Monty G. Marshall and Benjamin R. Cole from the Center for Systemic Peace provide data on state fragility as well:
For this, I took their state fragility index, but left out the legitimacy indicators and only included their “effectiveness score” which covers political, security, economic and social effectiveness of states. I did this for all Saudi neighbours from 2010 to 2014, then dropped those that were independent actors, like UAE, Qatar, Jordan. I further dropped Oman and Kuwait due to their relative stability, and was left with Bahrain, Yemen, Iraq and Syria.
Surrounded by uncertainty, Saudi-Arabia needs to shape policy
Weak states have a couple of things in common. Their weakness creates insecurity for its neighbours; long border areas that are harder to control allow for contraband and people to cross over. Drugs, but also terrorists may enter Saudi-Arabia from either country, and thus challenge it. Salafists like ISIS (more active in Iraq and Syria) and Al Qaida (more active in Yemen) may gain support amongst Saudi nationals and thus pose even more of a domestic threat. As the largest country on the Arab peninsula, its borders are its weakness; Saudis may not rely on relative geographic protection, like UAE and Qatar may do, but has to actively secure its borders.
Weak states also have a certain open-endedness of their state structures. Where there are little structures, there is a lot to be shaped; involvement may secure states that are beneficial to intervening powers. Iraq, Syria and Yemen being embroiled in prolonged (military) conflicts over the nature of their states means that states like Saudi-Arabia and Iran have both a lot to gain and a lot to lose – they certainly do not want the wrong party to win, or they may find new enemies at their doorstep.

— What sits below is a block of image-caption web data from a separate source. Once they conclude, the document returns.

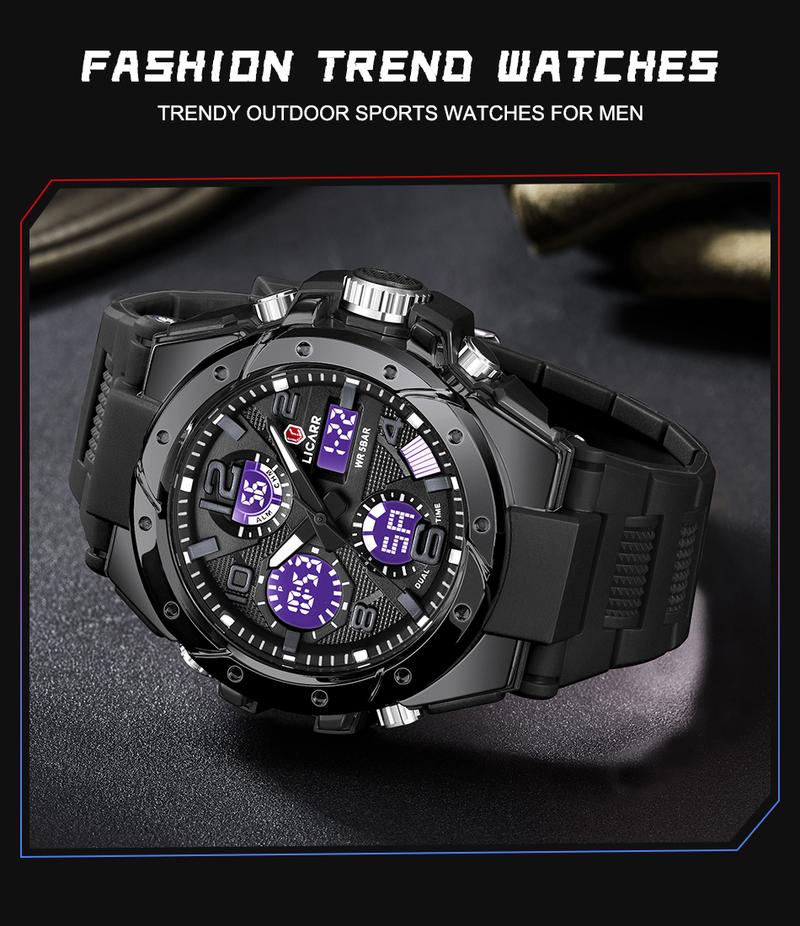 LICARR Men's Quartz Digital Watches Waterproof Alarm Luminous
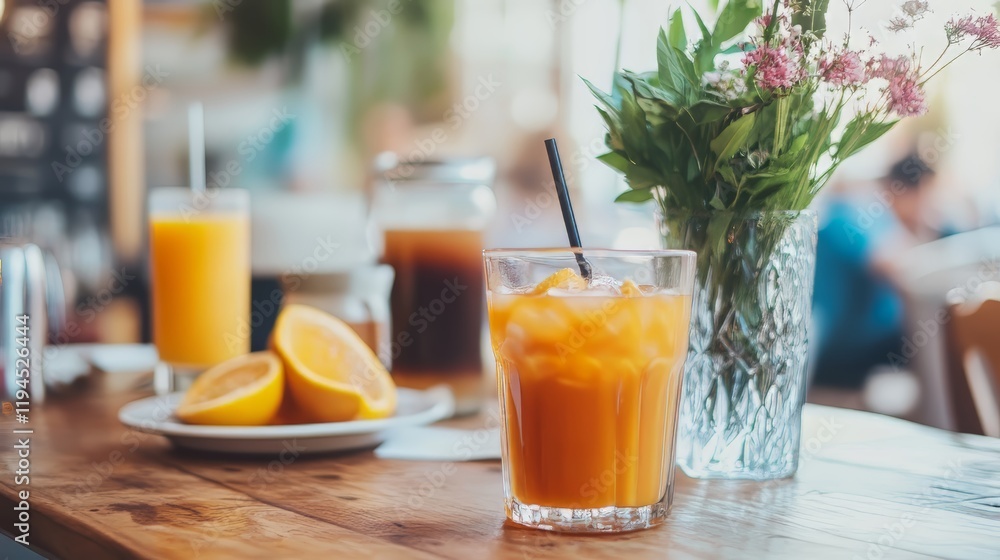 Iced Orange Tea on Wooden Table in Cafe Iced Orange Tea on Wooden Table in Cafe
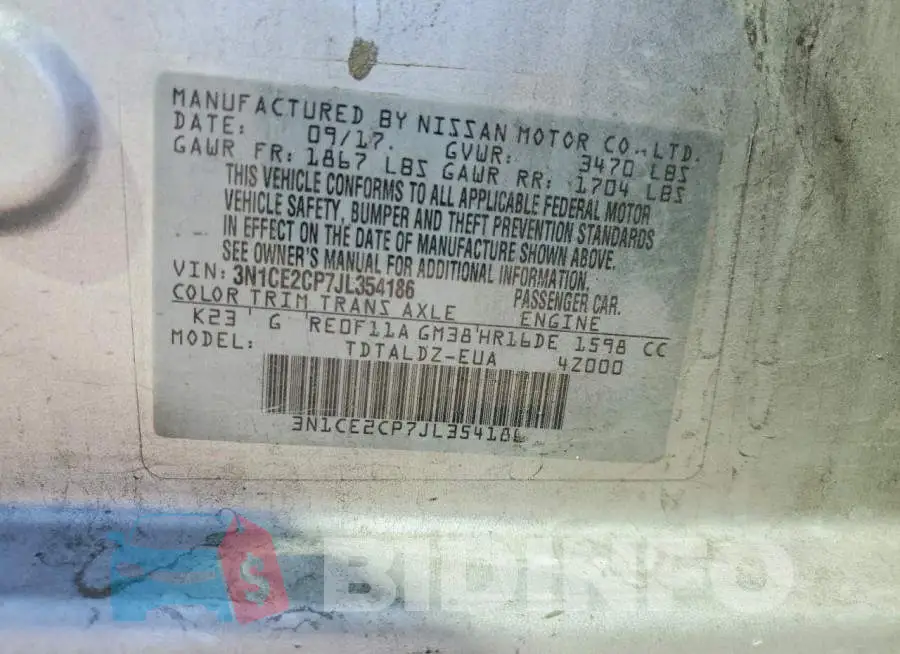 3N1CE2CP7JL354186 Photo# 12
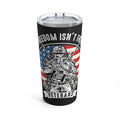 FREEDOM ISN'T FREE: 20oz Black Military Design Tumbler - A Tribute to Our Veterans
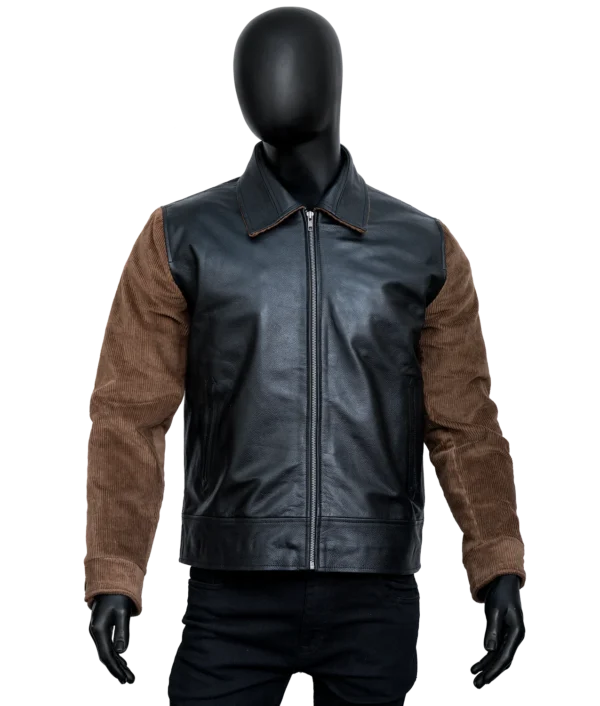 Men’s Black Genuine Leather Bomber Jacket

With the international community apparently incapable, or unwilling, to act, Saudi-Arabia went as far as deploying ground troops in Yemen. Creating strong, pro-Saudi client states would be an ideal outcome; for the time being, however, it would be enough for Saudi policy makers to prevent Iran from doing so.
New kid on the bloc
With the negotiations on the Iranian nuclear programme progressing greatly, Iran is close to shaking of its international isolation since the Iranian revolution over three decades ago. This could mark the beginning of a new age – Iraq gone and a nuclear deal would negate two important parts in Saudi-Arabia’s attempt to contain Iranian influence in the region.
Iranian client states, from Iraq to Lebanon, granting it access to the Mediterranean Sea, and foreign investment in the Iranian oil industry would grant Teheran both political and economic power. Thus, Riyadh is facing a similar problem as Israel – a new emerging regional power is challenging their policy, and pre-emptive strikes are necessary to prevent the worst.
Kenneth Waltz defined the concept of power equilibriums in international relations: In his realist theory, a balance of power maintains stability. This was, more or less, the case in the Middle East for a long time. But the coming is probably better described with John Mearsheimer’s offensive neorealism – the rise of a new regional power challenges existing regional powers, thus forcing them to act quickly while they are still dominant to prevent the rising power from becoming hegemonic. Looking at Saudi-Arabia’s population of 30 million, its well maintained diplomatic network and its well developed oil industry compared to Iran’s 75 million people, international isolation and its underdeveloped oil industry, it is easy to see how Iran has much more room for improvements, while Saudi-Arabia might be at its peak of power. Better use it before the balance shifts to Teheran’s favour.
This is why Saudi-Arabia is committing to Yemen. This is why it is building coalitions at every possible moment even when they might seem ineffective – coalitions against ISIS and coalitions in Yemen not only help preserve Saudi influence in those countries, but also assure it of support amongst Muslim states. Support, that help reassure Saudi leaders that they can rely on non-Western allies in containing Iran.